Emerging markets and alternative assets are expected to benefit from billions of dollars of investment, according to a report that reveals the investment stance of the world’s largest sovereign wealth funds.
Emerging markets and alternative assets are choice bets for world’s largest sovereign wealth funds
Emerging markets and alternative assets are expected to benefit from billions of dollars of investment, says a report that reveals for the first time the investment stance of the world’s largest sovereign wealth funds (SWFs).
On Monday, the asset management firm Invesco released a study that analyses SWFs’ investments in the Middle East, Scandinavia, China, Latin America and the United States. Collectively, they amount to assets of about US$4.7 trillion, or 80 per cent of the overall sector, which is believed to be about $6tn globally.
Sovereign portfolios are currently focused on North America and Asia Pacific, but the 37 global sovereign investors surveyed suggested that emerging markets would gain significant investment funds flow from SWFs.
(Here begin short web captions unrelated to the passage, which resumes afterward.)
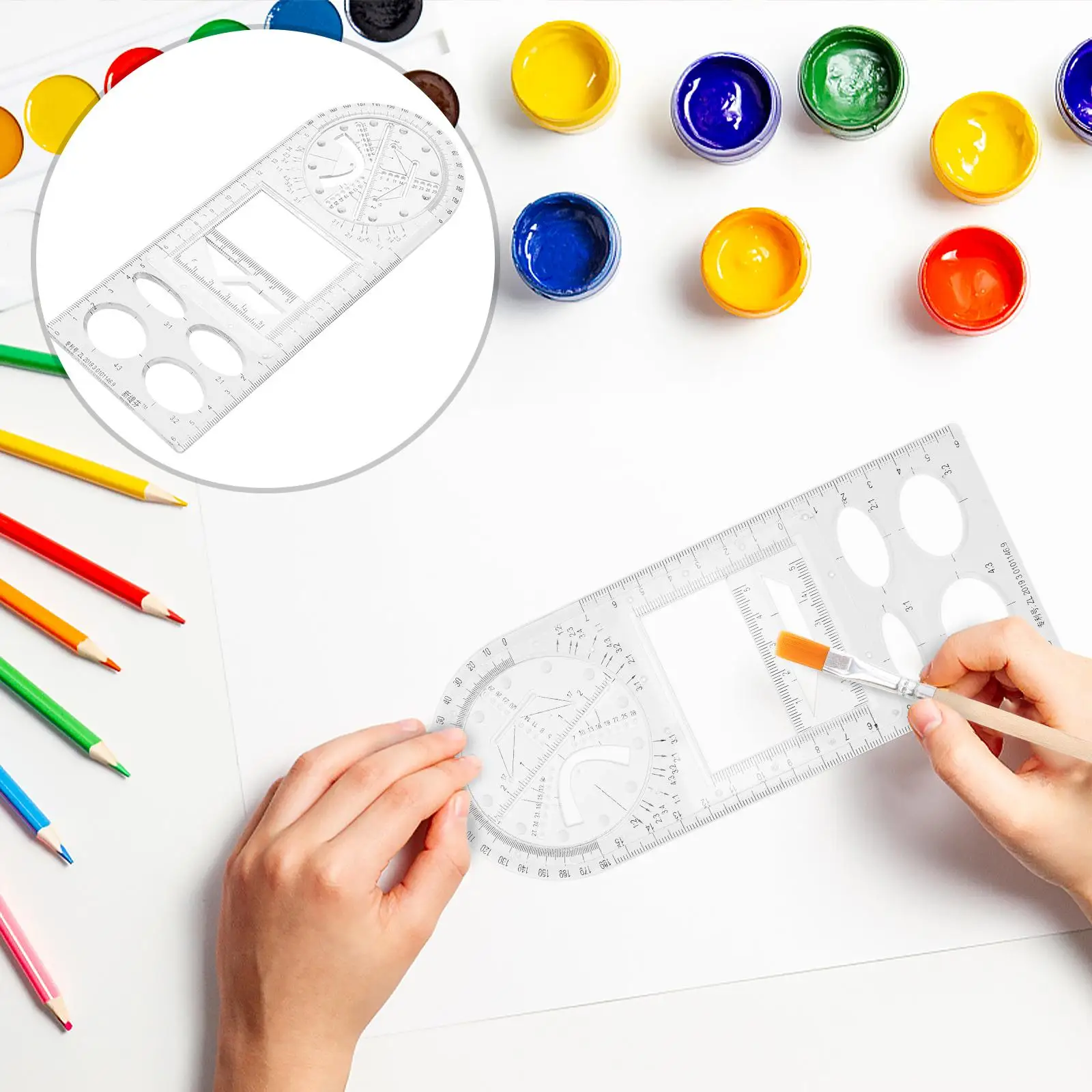 Plastic Drawing Templates Geometric Ruler Set Lightweight School Design Drafting Tools Multipurpose Measuring Architecture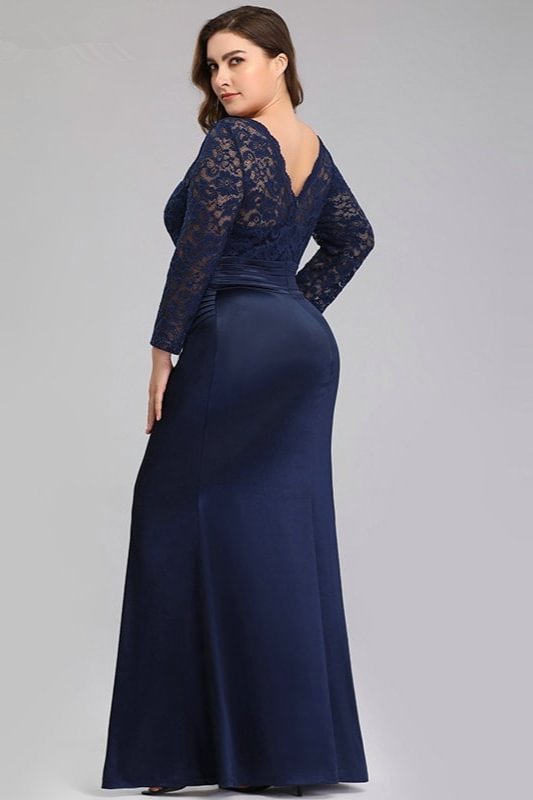 Navy Blue Long Sleeve Lace Mermaid Plus Size Evening Prom Dress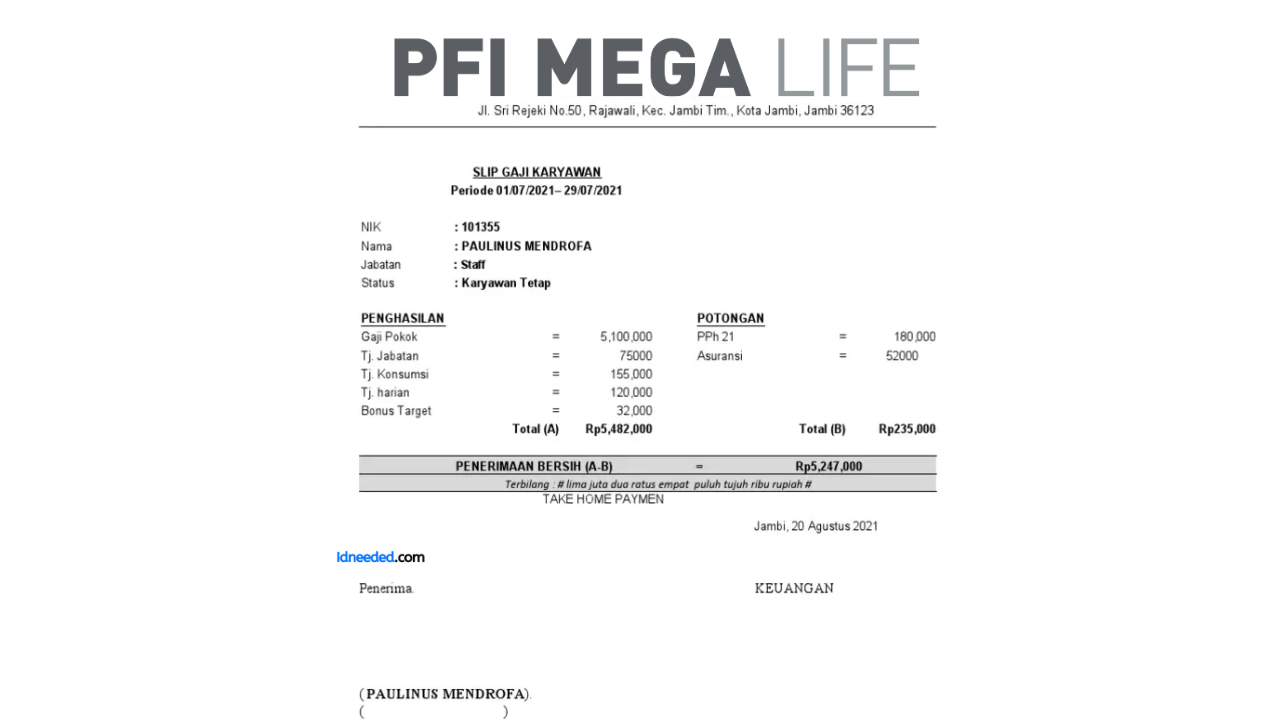 Contoh Slip Gaji Karyawan PT PFI Mega Life Insurance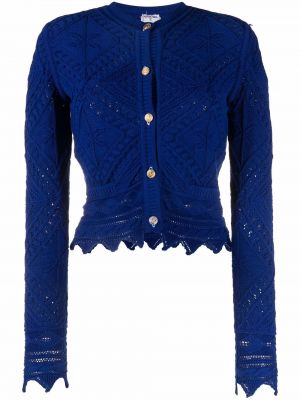 Cardigan en tricot ajouré Chanel Pre-owned bleu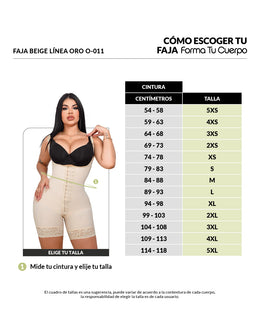 Faja moldeadora reloj de arena control abdomen - media pierna con tiras, cremalleras y broche central ( Ref. O-011 )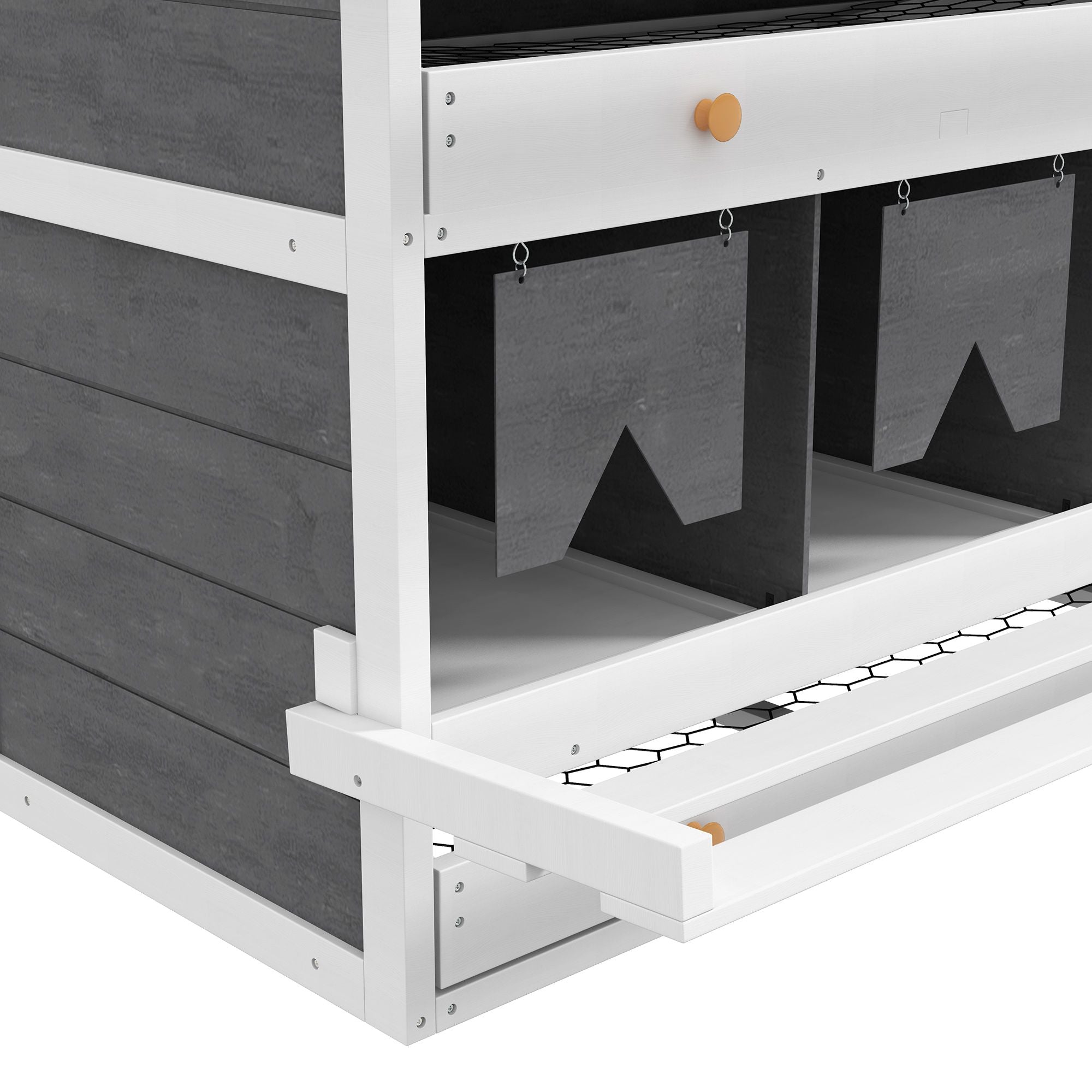 Chicken Nesting Box, 8 Compartment Wood Laying Boxes for Chicken Coop with Egg Collection Trays Perches for 16-32 Hens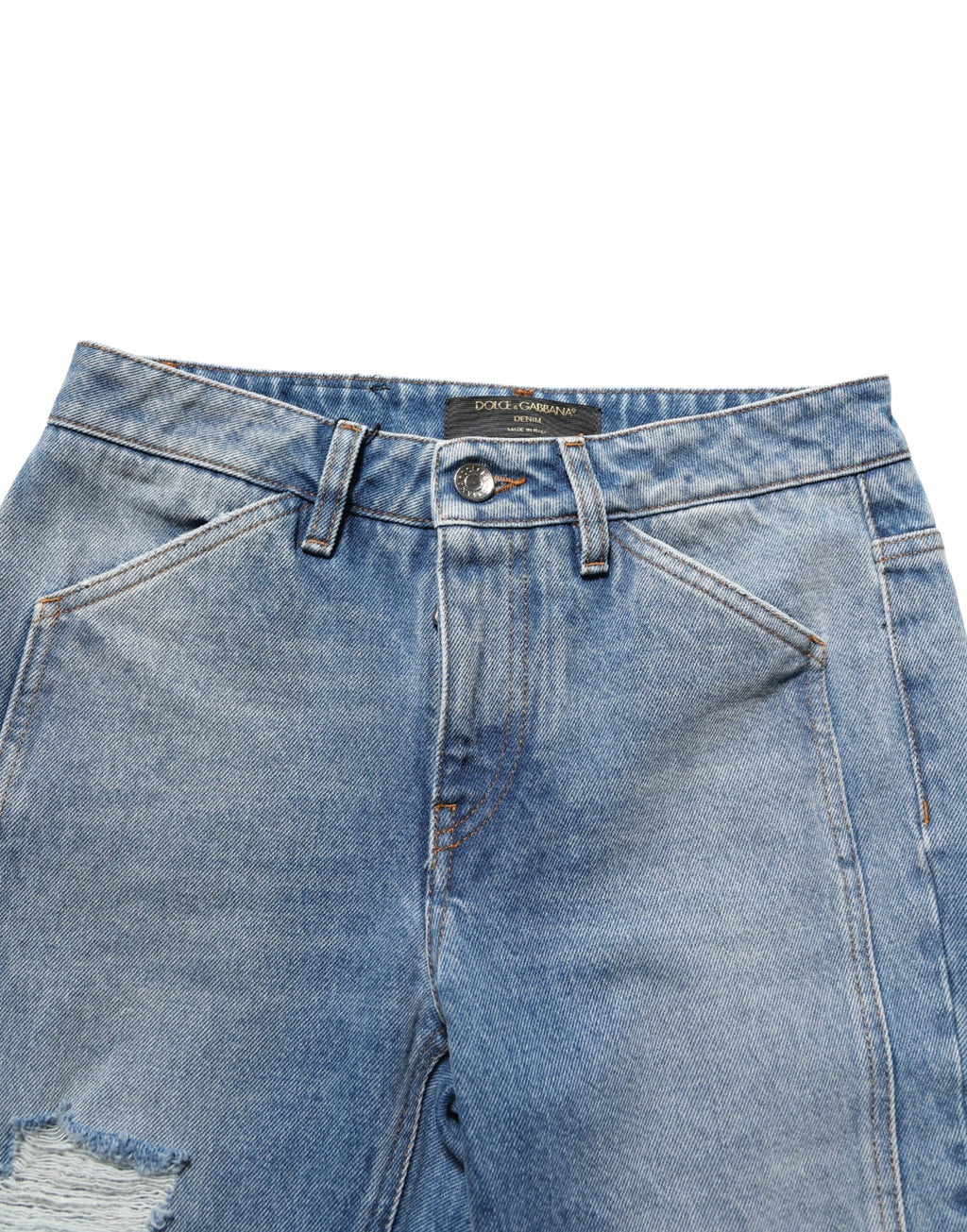 Dolce & Gabbana blue cotton boot cut denim trousers with classic five-pocket design and tailored fit.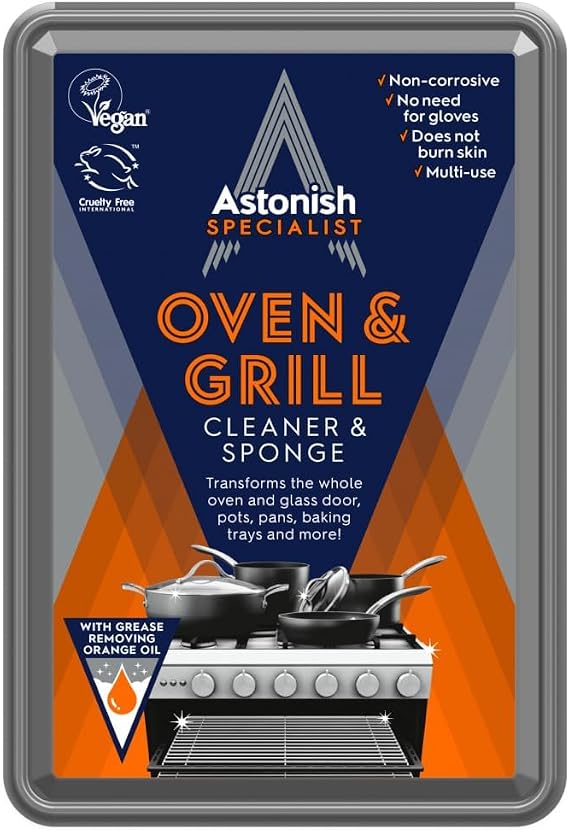 Astonish Oven & Grill Cleaner Paste with Sponge, Orange Oil, 8.8oz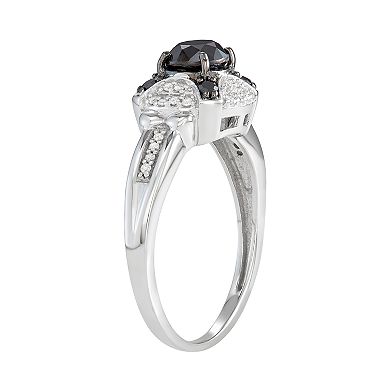 Jewelexcess Sterling Silver 1 C.T. Black & White Diamond X Ring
While 56 per cent of SWFs’ investments are in developed markets, there is a growing focus on the developing markets of Africa and Latin America.
Middle East SWFs’ investments show a 69 per cent shift towards alternative assets from traditional asset classes in the past 12 months, including domestic and international properties, private equity, hedge funds and infrastructure.
The survey respondents said they expected average annual returns of 8 per cent from alternative assets, compared with 7 per cent from equities, 4 per cent from bonds and 2 per cent from cash.
The trend in allocating investment funds between domestic and world markets was evenly split, the report said.
“Many SWFs have signed up to the Santiago Principles which guarantee transparency, and more and more [SWFs] are publishing annual reports. But this report shows the drivers of investment, which is important,” said Nick Tolchard,the head of Invesco Middle East.
According to Mr Tolchard, Middle East SWFs including the Abu Dhabi Investment Authority and the Kuwait Investment Authority have collective assets of about $2tn.
On the issue of accepting lower investment returns against set targets, Asian SWFs were far more demanding. whereas Middle East and western SWFs were willing to accept socio-economic advantages at the expense of investment returns.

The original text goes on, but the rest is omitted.